**Task brief**
With the pictures omitted, print exactly the lines below, from the one containing "NWT Express Sleeveless" through the one containing "a bathroom with", and nothing else.

**Data extracts**
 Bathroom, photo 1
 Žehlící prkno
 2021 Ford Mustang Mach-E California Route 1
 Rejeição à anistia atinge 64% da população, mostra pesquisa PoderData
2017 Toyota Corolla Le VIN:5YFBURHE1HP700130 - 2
==
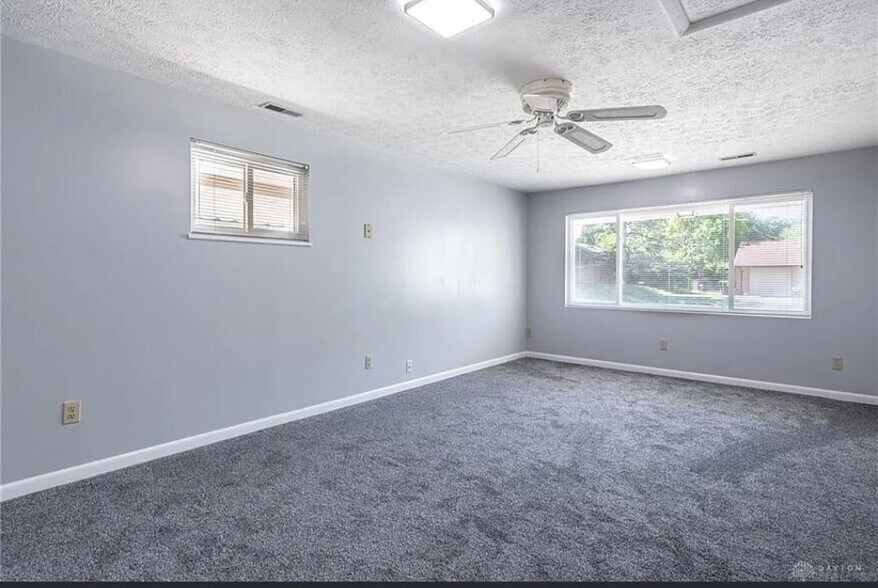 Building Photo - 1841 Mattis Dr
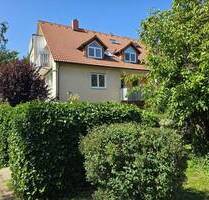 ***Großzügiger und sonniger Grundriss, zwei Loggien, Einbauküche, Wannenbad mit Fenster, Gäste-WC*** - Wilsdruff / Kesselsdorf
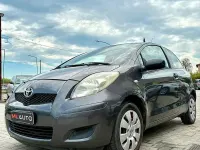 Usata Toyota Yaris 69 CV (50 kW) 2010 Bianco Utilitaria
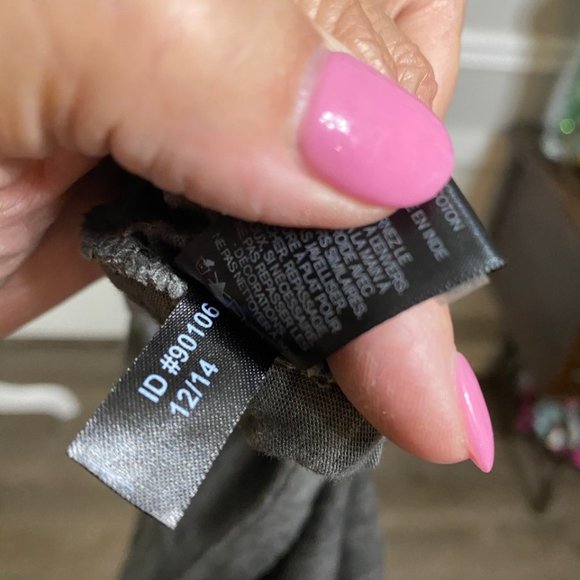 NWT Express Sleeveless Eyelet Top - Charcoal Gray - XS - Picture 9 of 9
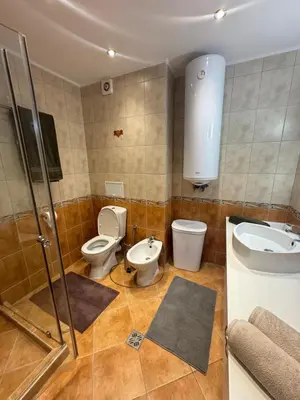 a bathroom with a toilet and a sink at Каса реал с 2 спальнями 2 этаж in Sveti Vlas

**Response to this task**
 NWT Express Sleeveless Eyelet Top - Charcoal Gray - XS - Picture 9 of 9
 a bathroom with a toilet and a sink at Каса реал с 2 спальнями 2 этаж in Sveti Vlas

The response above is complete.